*Exercise data*:

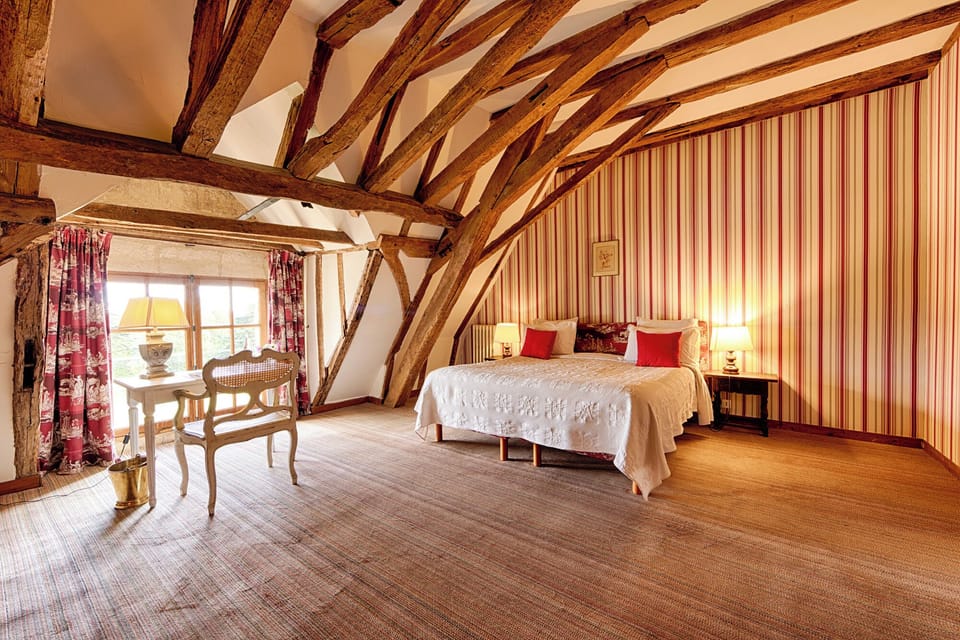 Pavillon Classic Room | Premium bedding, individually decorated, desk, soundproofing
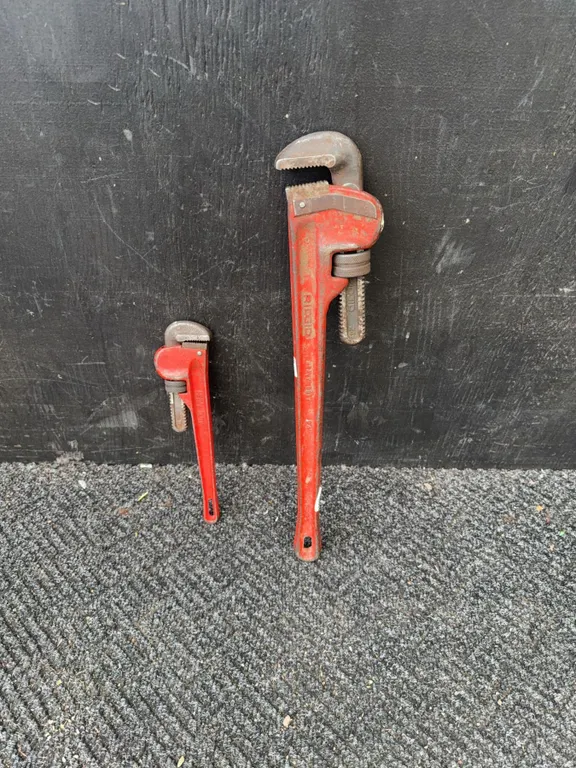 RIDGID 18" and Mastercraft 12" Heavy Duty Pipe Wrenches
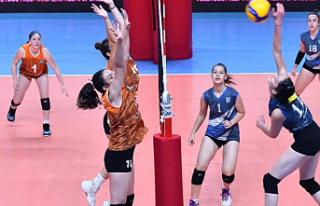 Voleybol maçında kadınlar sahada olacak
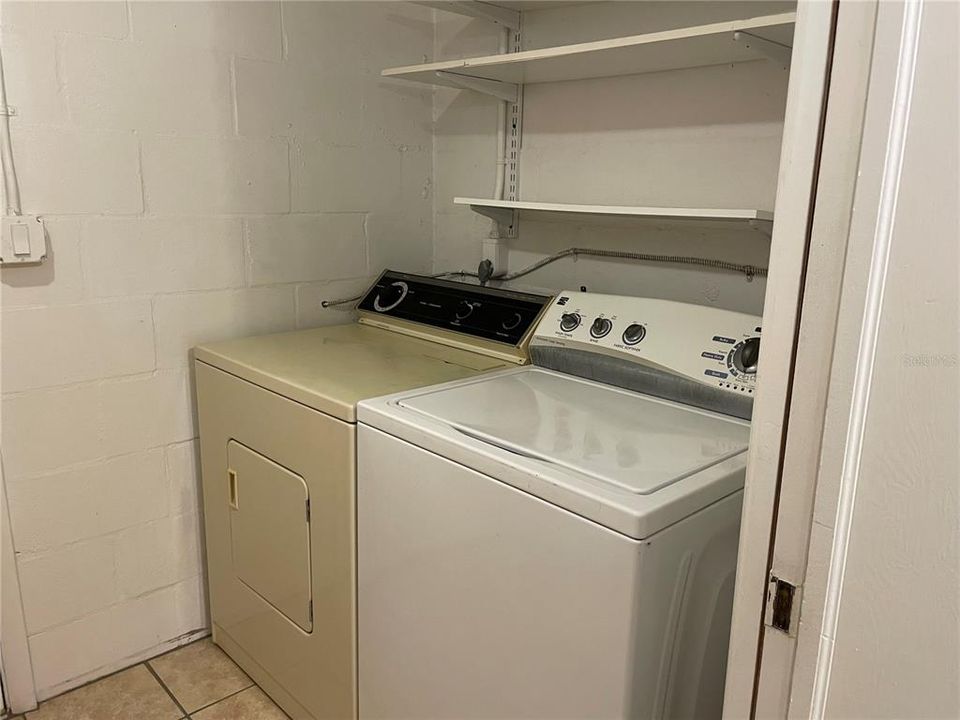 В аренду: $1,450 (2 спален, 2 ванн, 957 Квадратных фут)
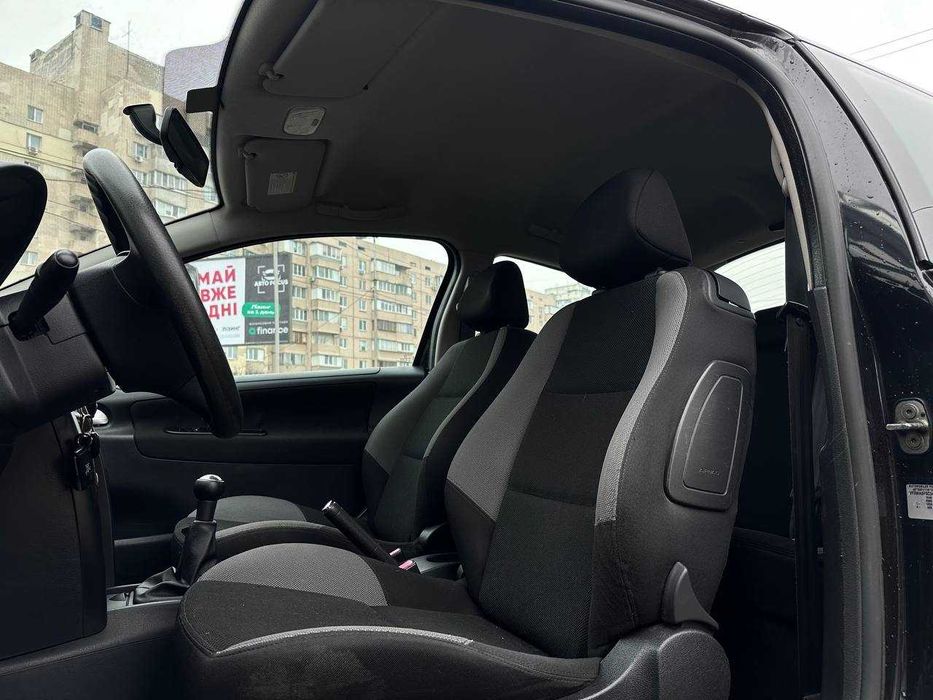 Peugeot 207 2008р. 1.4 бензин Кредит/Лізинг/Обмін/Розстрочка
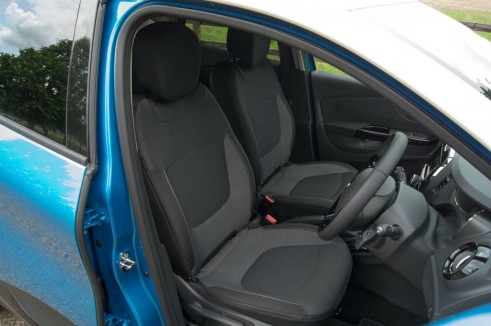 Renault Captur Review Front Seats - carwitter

...

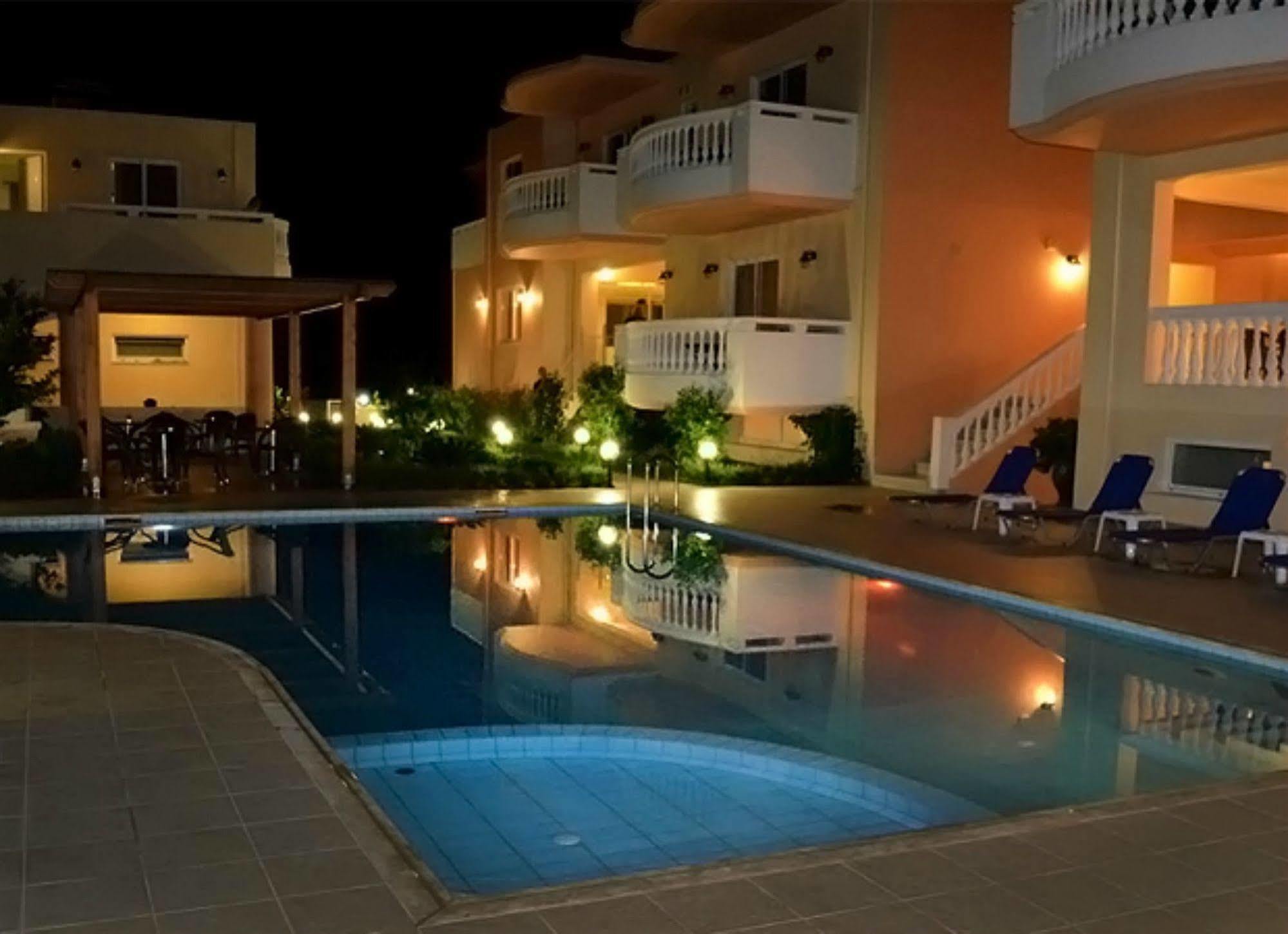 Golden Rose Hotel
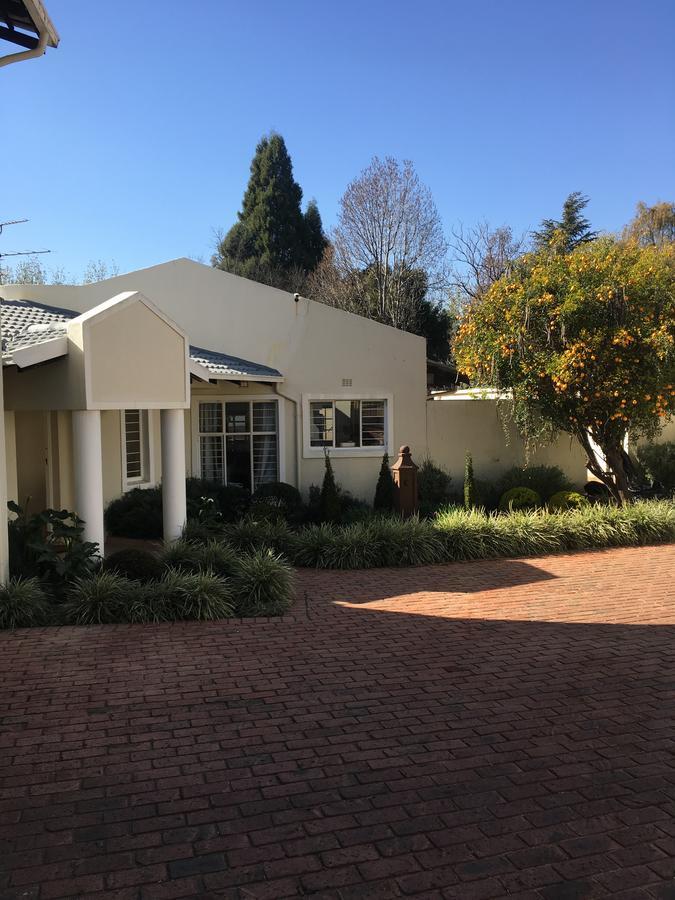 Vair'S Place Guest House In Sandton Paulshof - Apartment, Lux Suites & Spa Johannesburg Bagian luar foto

* * *

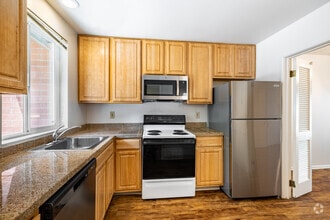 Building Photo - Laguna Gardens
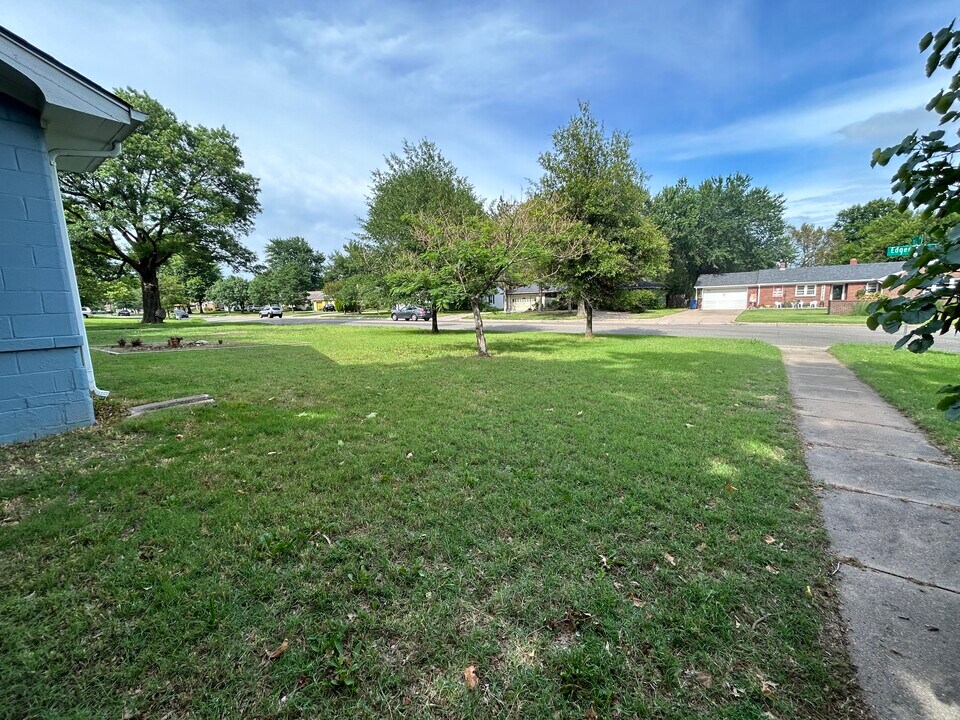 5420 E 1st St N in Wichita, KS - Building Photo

*Aim of the task*: Within the material above, find the part that opens with the line containing "Building Photo - Laguna Gardens" and closes with the line containing "5420 E 1st St", and reproduce it exactly without the pictures.

*Output of the task*:
 Building Photo - Laguna Gardens
 5420 E 1st St N in Wichita, KS - Building Photo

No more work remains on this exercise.